A containerised version of the command line tool also exists, which nicely integrates into data pipelines - for further information, please refer to the last section of this page.
The tool requires an input and an output path, along with a configuration file. It can be invoked as follows:
java -jar ibm-data-privacy-toolkit-cli.jar \
-c config.json \
-i input.csv \
-o output.csv
Where the parameters can be described as follows:
| Parameter | Description |
|---|---|
| -i,--input | Path to the input file(s). This can be the path to a specific file, or the path to a folder which contains multiple files or subfolders to be processed. |
| -c,--config | Path to a JSON or YAML configuration file. See below section. |
| -o,--output | Path to the desired output file(s). This can be the path to a specific file, or the path to a folder which will contain multiple files or subfolders. |
The tool requires a configuration file in order to understand the input format and to control the task behavior. For the reminded of this documentation, we will present only the JSON version of the configuration files. A direct translation to YAML is also possible.
The skeleton of a configuration for all the available tasks is:
{
"task":"<TASK NAME>",
"inputFormat":"<INPUT FORMAT>",
"inputOptions":{
// input format specific options
},
"taskOptions":{
// task specific options
}
}Explanation
- task: Defines the privacy task that needs to be carried out.

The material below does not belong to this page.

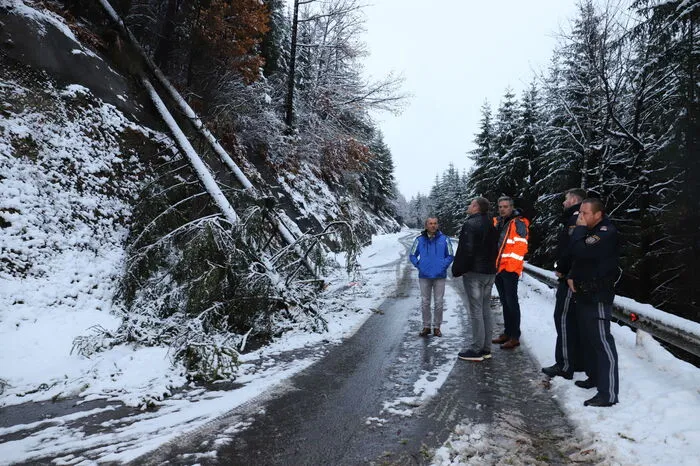 Vertreter von Bezirkshauptmannschaft, Polizei und Straßenmeisterei besichtigten am Donnerstagmorgen (14. November) die Schäden entlang der Stolzalpenstraße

The following values are supported for the tasks field:
| Task enumeration |
|---|
| Identification |
| Masking |
| Vulnerability |
| Anonymization |
| TransactionUniqueness |
| Exploration |
- inputFormat: Defines the input format.
The following data input formats are supported:
| Data input format type enumeration |
|---|
| CSV |
| JSON |
| DICOM |
| XLS |
| XLSX |
| XML |
| HL7 |
| FHIR_JSON |
| PARQUET |
- inputOptions: Defines options that are specific to the chosen input format.
The following options are supported:
-
For CSV inputFormat:
quoteChar,delimiter,hasHeader, andtrimFields -
taskOptions: (require) defines options that are specific to the chosen privacy task.
Please refer to the appropriate documentation on the left menu for a description of each specific task options.
The DPT Command-line toolkit is also available as a Docker container. In order to run it, 3 folders must be prepared beforehand:
- an input folder, where the input file(s) must be stored
- a config folder, where a config.json file must be stored
- an output folder: where dpt will store the output file(s) of the privacy task
The image is available on IBM's internal Artifactory, and can be run as:
docker run \
--mount type=bind,source=/absolute/path/to/input/folder/,target=/input/ \
--mount type=bind,source=/absolute/path/to/config/folder/,target=/config/ \
--mount type=bind,source=/absolute/path/to/output/folder/,target=/output/ \
res-drl-docker-local.artifactory.swg-devops.com/dpt/base-cli:latest
Where the three paths /absolute/path/to/input/folder, /absolute/path/to/config/folder, and /absolute/path/to/output/folder must be specified accordingly.
Upon completion, the output file(s) of the privacy task will be available in the provided output folder.